In 2012, Hymel (pronounced EE-mel) stepped in for no less than Jonas Kaufmann in London at the Royal Opera and the London Proms, which was broadcast internationally shortly before he did a Philadelphia Orchestra aria concert with Yannick Nézet-Séguin and the Opera Company of Philadelphia's September La Boheme.

Even though Hymel woke up feeling under the weather New Year's Day, he sang anyway and, predictably, walked off with the lion's share of the applause (after his Dec. 26 last-minute debut, he received a huge ovation from the audience - and the cast). If Saturday's simulcast has a subsequent DVD release, as many do, it will be Hymel's second Troyens video, the first - still unreleased - having been shot at London's Royal Opera.

Why does he succeed when so many do not? High notes.   Berlioz's Aeneas is Waterloo, written for a voice that doesn't really exist anymore: a French tenor with an upward extension, one that goes high and stays there.

For years, roles like Don Jose in Carmen pushed at the limits of Hymel's lower range. At AVA, he sang roles such as Don Ottavio in Don Giovanni and knew they weren't keepers. In contrast, last month in London, he successfully sang Meyerbeer's Robert le Diable, which lies so high that the high C's are hardly worth mentioning.

"It's taken me a little longer to find repertoire that fits me," Hymel said in an August interview on the heels of his London Troyens. "This high French and bel canto stuff is not done a lot. Only Bill Schuman was familiar with this rep."

Already, some companies are looking to revive works such as Berlioz's Benvenuto Cellini - one of the few major tenor roles that Domingo didn't seriously consider - because Hymel can sing it.

It's not an easy ticket to the top, he says: "It's very nerve-racking when you have to sing these high things."

But so gratifying. The ethereal Troyens love duet can be sung by many lyric tenors, but when the high-lying passages have little hint of labor, the music reaches another level. Also, his French enunciation is aided by his New Orleans childhood and Cajun heritage.

Language was a shortcoming of the great Aeneas of our time, the now-retired Jon Vickers. But it remains to be seen whether Hymel can match Vickers' heroism.

What else can be expected from Saturday's simulcast?

Few Troyens productions are consistently good; though the Met's 2003 Francesca Zambello staging is better than most, with a primitive look suggesting hurricane wreckage framed with picturesque tidiness, after Aeneas flees Troy and arrives at quasi-utopian Carthage, the production veers toward generic beige. But with all its ceremonies and dance interludes, Troyens feels like an epic that doesn't want to get where it's going. It's best just to sit back and accept that this opera is in an alternative time zone.

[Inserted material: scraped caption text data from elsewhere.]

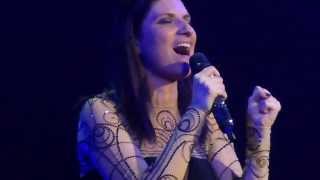 Laura Pausini  She Uguale a lei  LIVE PARIS 2014 [upl. by Ynnoj]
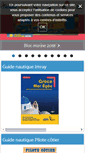 Mobile Screenshot of nautic-way.com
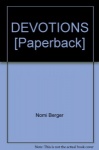 DEVOTIONS [Paperback] only £2.99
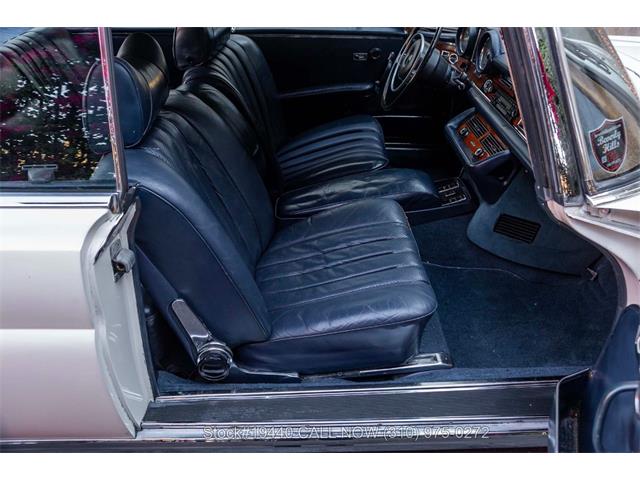 1970 Mercedes-Benz 280SE (CC-2059914) for sale in Beverly Hills, California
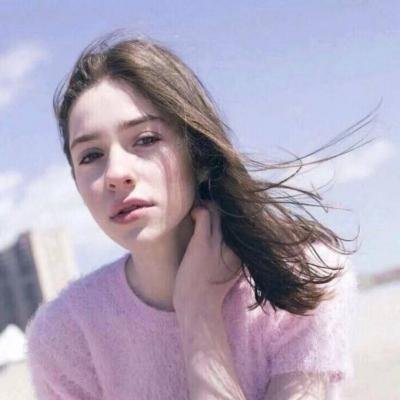 欧美高清图片女微信头像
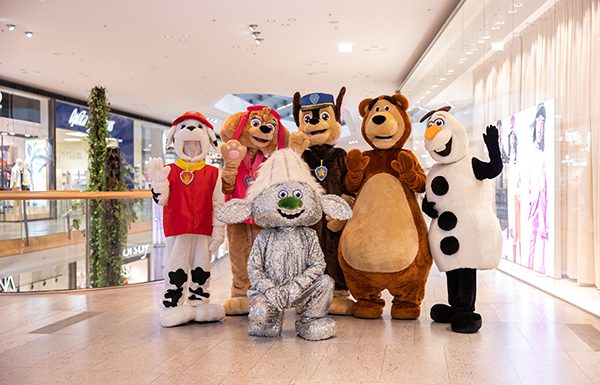 Alejin rojstni dan: pester otroški program in interaktivna glasbena predstava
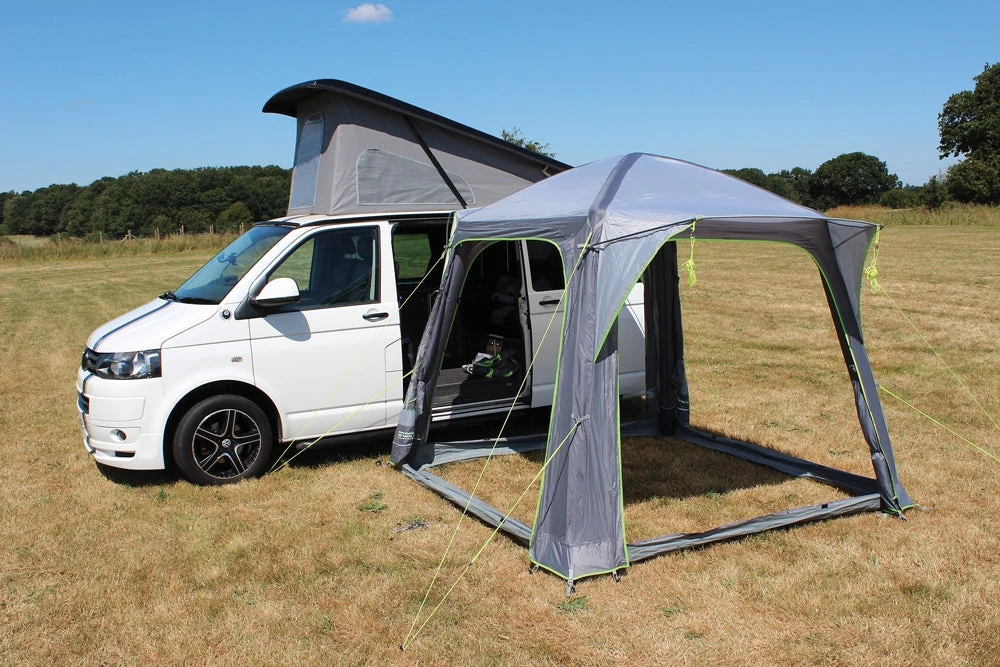 Outdoor Revolution Cayman Pursuit Air Drive-Up-To Awning 1 Outdoor Revolution Cayman Pursuit Air Drive-Up-To Awning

The role of Dido is one of mezzo-soprano Susan Graham's best. But she has been ill of late, and if she doesn't recover in time for the simulcast, the less-charismatic Elizabeth Bishop has all necessary vocal and artistic goods. The role of Cassandra was an early breakthrough for Deborah Voigt; now, she doesn't seem fully engaged and has trouble being heard. But simulcasts have a way of minimizing such problems.

Meanwhile, tenor Hymel can thank Troyens for building a U.S. presence in what has been his Eurocentric career. "It's nice to come home," he said recently, "and it would be wonderful to get my stuff out of storage."